After the 2014 Finance Act which was assented to by the President in September, the government re-introduced CGT at 5 per cent on gains realised from the transfer of property as well as gains from sale of shares in the stock market. The 5 per cent capital gain tax is considered much lower compared to that charged in neighbouring countries.

In Tanzania and Uganda CGT is charged at 30 per cent. The Eighth Schedule of the Income Tax Act appoints stock brokers as the collecting agents of capital gains tax on sale of shares.

But there is a challenge; stock brokers say they lack the legal capacity to withhold as well as the technical capacity to determine the amount payable due to the large volume of shares traded and imperfect information about the shares. For example, the time of purchase and the price especially because some shares are acquired through bonus and rights' issue.

Through their umbrella organisation, the Kenya Association of Stockbrokers and Investment Bankers, the stock brokers unsuccessfully sought legal redress at the High Court to review these bottlenecks and address fears that the CGT would ward off investors from the stock market.

They claimed there was a steady decline in trade with investors considering a move to alternative markets. The stock brokers have since moved to the Court of Appeal to appeal against the decision.

It remains to be seen on the next steps to be taken in the implementation of the CGT and its potential implications on the attractiveness of the real estate and the stock market to investors with stakeholders fearing that it would ward off investors from these sectors and reverse the gains made.

With the planned launch of the derivatives market at the Nairobi Securities Exchange, the reintroduction of CGT might lead to slow growth of the market as an alternative investment avenue by keeping away investors.

Capital Gains Tax coupled with brokerage fees which currently stands at 1.8 per cent to 2 per cent erode the profit margins of investors which would thus scare them into seeking alternative investment avenues at a time when the Government needs to support the development of Nairobi Securities Exchange's new segment.

The real estate sector in the country has grown tremendously over the past few years with more and more investors entering the market, attracted by huge profit margins in the sale of property in major towns across the country.

Consequently, property prices in major cities and towns across the country have gone through the roof beyond the reach of a majority of Kenyans.

The real estate sector therefore provides an attractive avenue for the Government to collect additional revenue to plug the budget deficit.
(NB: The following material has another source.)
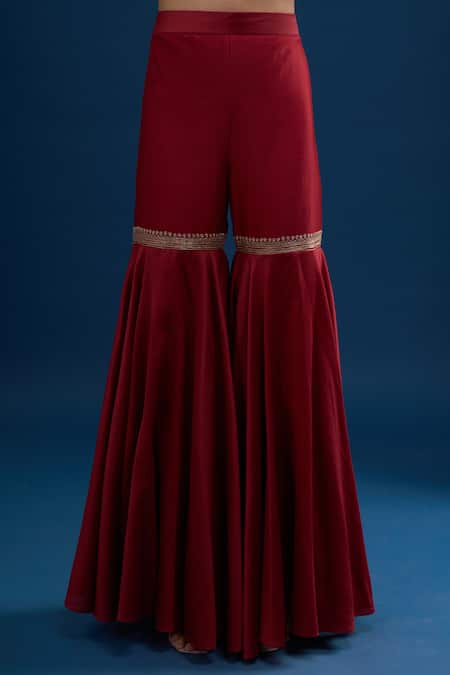 Shop_Matsya_Red Silk Embroidery Open , Round Cape Kurta Sharara Set _Online_at_Aza_Fashions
This may, however, have detrimental effects to individuals seeking to purchase properties in the country because the CGT could be passed on to them in the form of higher prices as the sellers cushion their profit margins.

The reintroduction of CGT, in my opinion, holds mixed fortunes for the country. On the positive side, the Government will raise additional revenue, on the other side, it could result in reduced activity in the Nairobi Securities Exchange as well as push up the already high property prices.

To address this, the government ought to involve all stakeholders while implementing CGT and at the same time, educate and sensitise investors on CGT.